The Victoria Alviti Music Foundation has brought that vision to fruition, connecting local students with music in a variety of ways. In September, the community is being invited to support the foundation’s work during “Music on the Green” at the Alpine Country Club.
“It’s keeping Victoria’s name alive, and her dream alive,” Sharon said. “So many people have been incredibly instrumental … It’s been a pretty amazing ride. The momentum is incredible.”
Victoria became deeply interested and involved in music at a young age. When she was a junior at Cranston High School West, Sharon moved her three daughters to California, and there Victoria’s skills truly blossomed.
As a DJ, she entertained crowds in California, Rhode Island, Hawaii and the Virgin Islands. Along the way, she also did modeling and worked as a scuba instructor.
Since her daughter’s passing, Sharon said she has been moved to learn of the number of people’s lives her daughter touched. To honor that lasting legacy, the foundation has been ambitious in its goals.

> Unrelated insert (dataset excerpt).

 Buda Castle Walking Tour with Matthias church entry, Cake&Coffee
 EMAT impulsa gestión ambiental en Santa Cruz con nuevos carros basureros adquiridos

One of the major ways the foundation furthers Victoria’s dream is through the Link Up program, a partnership of the Rhode Island Philharmonic Orchestra and Carnegie Hall’s Weill Music Institute. The program mission is to connect the classroom with the concert hall, and while it is designed for students in grades three to five, it can also be appropriate for children of other ages. The program has hosted interactive concert experiences for students from across the state in recent years, including “The Orchestra Sings” in 2013, “The Orchestra Moves” in 2013 and “The Orchestra Rocks” this year.

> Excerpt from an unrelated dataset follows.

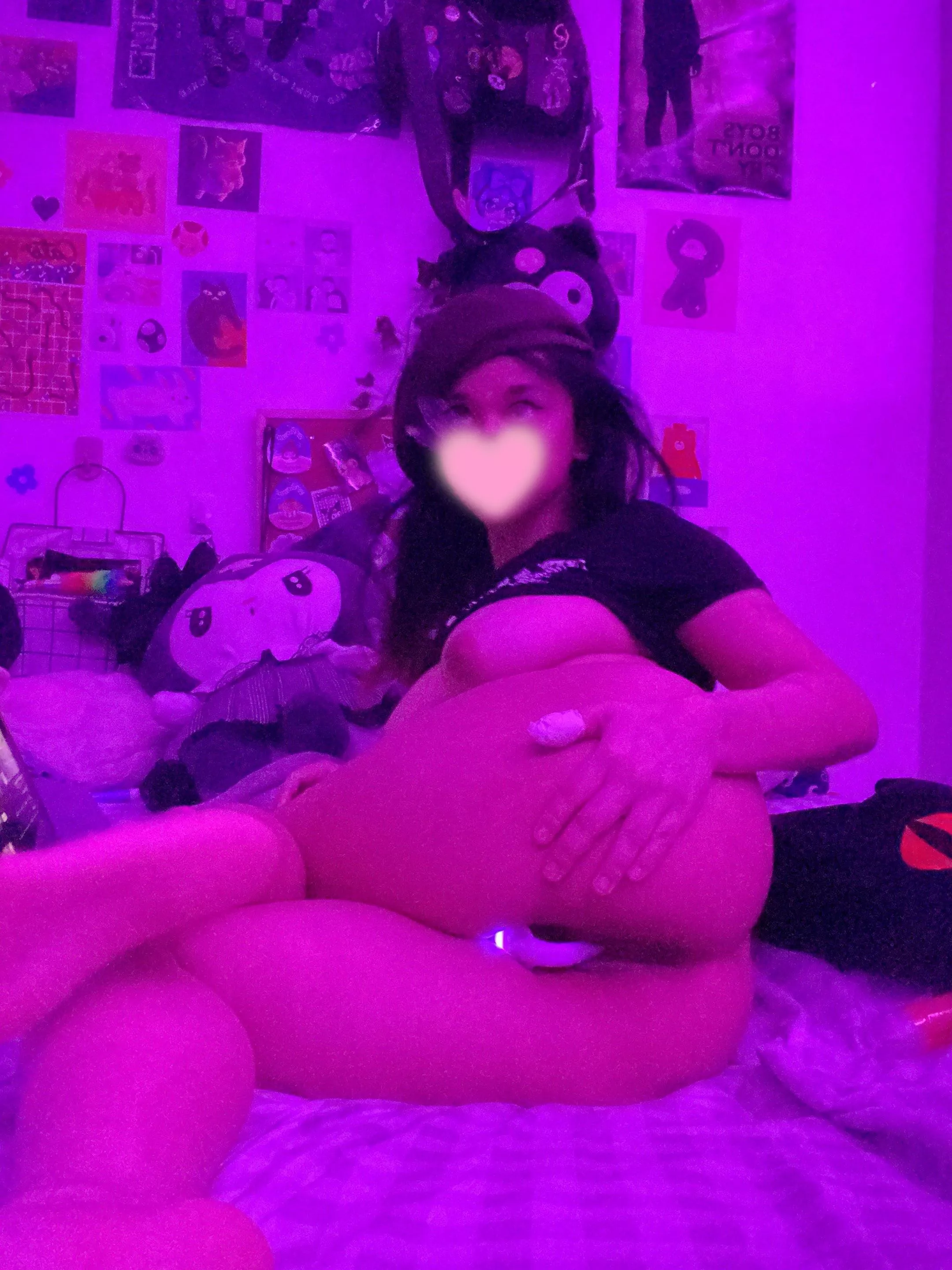 [F20] would you fuck me in the pussy or ass? 💜🖤 posted by rucucucucu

Sharon said approximately 11,000 students have participated in Link Up, and the foundation’s involvement is meant to help expand access even further. Over the last two years, she said, the foundation has provided $50,000 to the orchestra toward the program.
“They’re riveted,” she said of the children who take part, noting that many send “thank you” notes – and that for many, the program is their first field trip on a bus. “They’re seeing things they never would have seen … It’s unbelievable to see the children so riveted and so engaged.”
The foundation also helps grant wishes for music teachers, helping to provide for materials, equipment or programming to enhance the music curriculum and experience for students.
“I want them to know that we’re still going, and we’re getting bigger and bigger,” Sharon said of her message to supporters and other members of the community.
“Music on the Green” will play a major role in funding the foundation’s efforts. Award-winning NBC10 journalist Alison Bologna will serve as the evening’s special guest and emcee, and a special surprise guest will perform. The gathering will include a Tuscan buffet, cash bar, raffle prizes and a silent auction.
Hundreds are expected for the event, which begins at 3:30 p.m. on Sunday, Sept. 21 at the Alpine Country Club, located at 251 Pippin Orchard Road in Cranston. Tickets are $45, and can be purchased online at www.victoriaalviti.org. Program book sponsorships can also be secured online.